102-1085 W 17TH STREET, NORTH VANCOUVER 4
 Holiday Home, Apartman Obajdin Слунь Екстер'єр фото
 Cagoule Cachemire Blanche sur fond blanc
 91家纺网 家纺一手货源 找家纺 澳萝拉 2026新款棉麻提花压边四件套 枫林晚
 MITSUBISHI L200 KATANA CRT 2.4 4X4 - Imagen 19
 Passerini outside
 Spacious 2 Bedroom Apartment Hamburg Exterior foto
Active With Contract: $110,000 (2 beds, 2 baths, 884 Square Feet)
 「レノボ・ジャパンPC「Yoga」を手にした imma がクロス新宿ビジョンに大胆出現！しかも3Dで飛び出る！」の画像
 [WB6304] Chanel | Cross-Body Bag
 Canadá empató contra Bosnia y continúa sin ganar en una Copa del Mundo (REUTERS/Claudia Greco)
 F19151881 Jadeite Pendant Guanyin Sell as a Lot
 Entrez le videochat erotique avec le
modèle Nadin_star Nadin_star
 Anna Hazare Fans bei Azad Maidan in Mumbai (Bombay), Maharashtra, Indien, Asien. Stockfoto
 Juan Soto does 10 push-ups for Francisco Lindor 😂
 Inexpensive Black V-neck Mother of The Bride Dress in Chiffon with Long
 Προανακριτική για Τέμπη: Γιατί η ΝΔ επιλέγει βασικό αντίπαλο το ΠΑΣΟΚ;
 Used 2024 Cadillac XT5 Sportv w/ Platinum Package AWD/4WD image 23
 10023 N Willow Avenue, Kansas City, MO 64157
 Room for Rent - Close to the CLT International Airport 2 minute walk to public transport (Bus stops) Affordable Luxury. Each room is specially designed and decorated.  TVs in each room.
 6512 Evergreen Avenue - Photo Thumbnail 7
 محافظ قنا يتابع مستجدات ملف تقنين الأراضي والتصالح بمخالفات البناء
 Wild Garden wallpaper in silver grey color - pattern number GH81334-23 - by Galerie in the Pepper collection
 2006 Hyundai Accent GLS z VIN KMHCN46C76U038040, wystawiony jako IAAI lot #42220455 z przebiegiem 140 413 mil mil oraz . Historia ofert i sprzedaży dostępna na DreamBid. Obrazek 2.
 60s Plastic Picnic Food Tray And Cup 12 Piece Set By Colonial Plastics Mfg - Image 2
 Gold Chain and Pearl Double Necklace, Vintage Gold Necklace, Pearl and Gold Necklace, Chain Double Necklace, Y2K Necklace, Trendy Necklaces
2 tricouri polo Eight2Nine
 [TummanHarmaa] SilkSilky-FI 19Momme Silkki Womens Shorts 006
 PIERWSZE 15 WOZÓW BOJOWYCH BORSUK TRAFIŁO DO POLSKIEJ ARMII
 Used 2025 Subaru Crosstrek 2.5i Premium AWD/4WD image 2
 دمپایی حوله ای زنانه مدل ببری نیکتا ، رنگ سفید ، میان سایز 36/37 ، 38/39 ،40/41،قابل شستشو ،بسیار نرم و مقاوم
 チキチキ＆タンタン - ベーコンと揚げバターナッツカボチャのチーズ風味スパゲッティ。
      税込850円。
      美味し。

┄┄┄┄┄┄┄┄┄┄

REQUIREMENT: The answer is every entry, copied word for word.

ANSWER BOX:
102-1085 W 17TH STREET, NORTH VANCOUVER 4
 Holiday Home, Apartman Obajdin Слунь Екстер'єр фото
 Cagoule Cachemire Blanche sur fond blanc
 91家纺网 家纺一手货源 找家纺 澳萝拉 2026新款棉麻提花压边四件套 枫林晚
 MITSUBISHI L200 KATANA CRT 2.4 4X4 - Imagen 19
 Passerini outside
 Spacious 2 Bedroom Apartment Hamburg Exterior foto
Active With Contract: $110,000 (2 beds, 2 baths, 884 Square Feet)
 「レノボ・ジャパンPC「Yoga」を手にした imma がクロス新宿ビジョンに大胆出現！しかも3Dで飛び出る！」の画像
 [WB6304] Chanel | Cross-Body Bag
 Canadá empató contra Bosnia y continúa sin ganar en una Copa del Mundo (REUTERS/Claudia Greco)
 F19151881 Jadeite Pendant Guanyin Sell as a Lot
 Entrez le videochat erotique avec le
modèle Nadin_star Nadin_star
 Anna Hazare Fans bei Azad Maidan in Mumbai (Bombay), Maharashtra, Indien, Asien. Stockfoto
 Juan Soto does 10 push-ups for Francisco Lindor 😂
 Inexpensive Black V-neck Mother of The Bride Dress in Chiffon with Long
 Προανακριτική για Τέμπη: Γιατί η ΝΔ επιλέγει βασικό αντίπαλο το ΠΑΣΟΚ;
 Used 2024 Cadillac XT5 Sportv w/ Platinum Package AWD/4WD image 23
 10023 N Willow Avenue, Kansas City, MO 64157
 Room for Rent - Close to the CLT International Airport 2 minute walk to public transport (Bus stops) Affordable Luxury. Each room is specially designed and decorated.  TVs in each room.
 6512 Evergreen Avenue - Photo Thumbnail 7
 محافظ قنا يتابع مستجدات ملف تقنين الأراضي والتصالح بمخالفات البناء
 Wild Garden wallpaper in silver grey color - pattern number GH81334-23 - by Galerie in the Pepper collection
 2006 Hyundai Accent GLS z VIN KMHCN46C76U038040, wystawiony jako IAAI lot #42220455 z przebiegiem 140 413 mil mil oraz . Historia ofert i sprzedaży dostępna na DreamBid. Obrazek 2.
 60s Plastic Picnic Food Tray And Cup 12 Piece Set By Colonial Plastics Mfg - Image 2
 Gold Chain and Pearl Double Necklace, Vintage Gold Necklace, Pearl and Gold Necklace, Chain Double Necklace, Y2K Necklace, Trendy Necklaces
2 tricouri polo Eight2Nine
 [TummanHarmaa] SilkSilky-FI 19Momme Silkki Womens Shorts 006
 PIERWSZE 15 WOZÓW BOJOWYCH BORSUK TRAFIŁO DO POLSKIEJ ARMII
 Used 2025 Subaru Crosstrek 2.5i Premium AWD/4WD image 2
 دمپایی حوله ای زنانه مدل ببری نیکتا ، رنگ سفید ، میان سایز 36/37 ، 38/39 ،40/41،قابل شستشو ،بسیار نرم و مقاوم
 チキチキ＆タンタン - ベーコンと揚げバターナッツカボチャのチーズ風味スパゲッティ。
      税込850円。
      美味し。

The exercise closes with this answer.